I’ve got a site that’s pushing a 20GB backup to Wasabi S3. It works. Most of the time.
But sometimes it fails to upload to S3 and keeps the local .tar.gz. And then eventually the disk fills and I’m left with a full disk, the uncompressed .tar file (because there wasn’t enough space for the compressed version, and soon, a broken site because the disk is full.
Before I punt on Wasabi, I’d like to try to see if there are any clues.
I’ve looked in production.log, production.errors and the sidekiq and unicorn logs and don’t see “acku” anywhere either on the day that the backup failed or when it worked. Shouldn’t there be a log somewhere?
You should get a PM with the log output if it fails. It’s sent either directly to you if it’s a manual backup in the UI or to the admins group if it is an automatic backup.
An exception during the backup should also show up in /logs and, I think, in one of the log files as well. Try searching for EXCEPTION:
But, the fact that it keeps temporary files around makes me wonder if Sidekiq or even Docker or the host get restarted during the backup. That would explain why the cleanup doesn’t run and why you aren’t getting a PM.

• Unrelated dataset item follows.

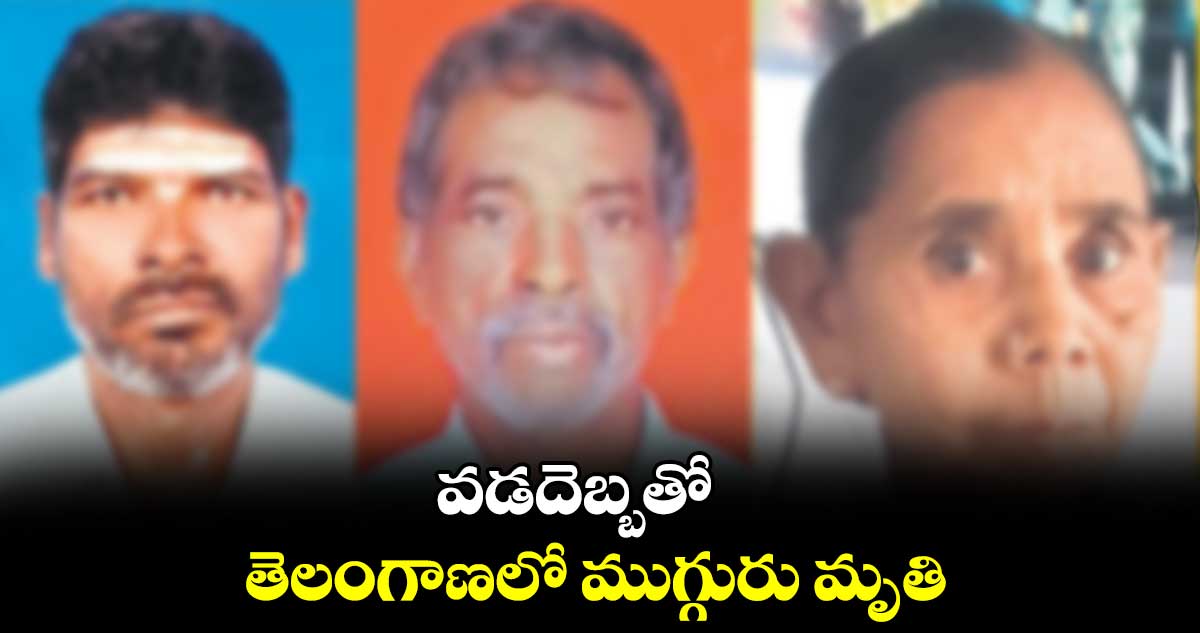 వడదెబ్బతో తెలంగాణలో ముగ్గురు మృతి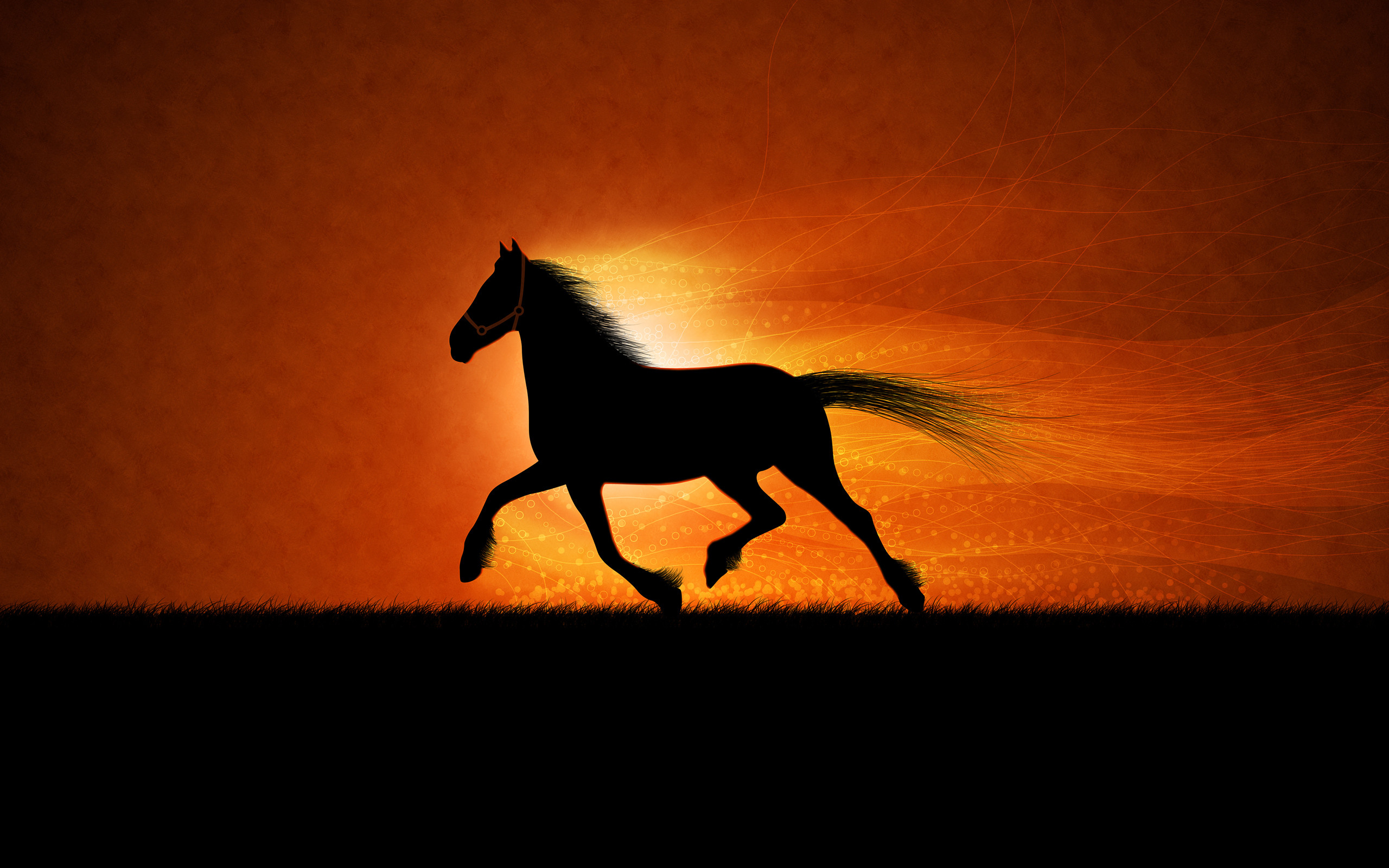 Cavallo, Galoppo, Silhouette, Tramonto, 2560x1600, sfondo per PC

Right. This is very odd. I didn’t get a failure notice, even for the one where there was only a .tar and an almost full disk (it’s an up to date site on tests-passed).
It’s as if backup location just got changed on those days, but there’s nothing in the logs. I see “successful” notifications in admin messages for backups initiated from the web interface, but no failures. I’ve moved backup_location to an ENV setting.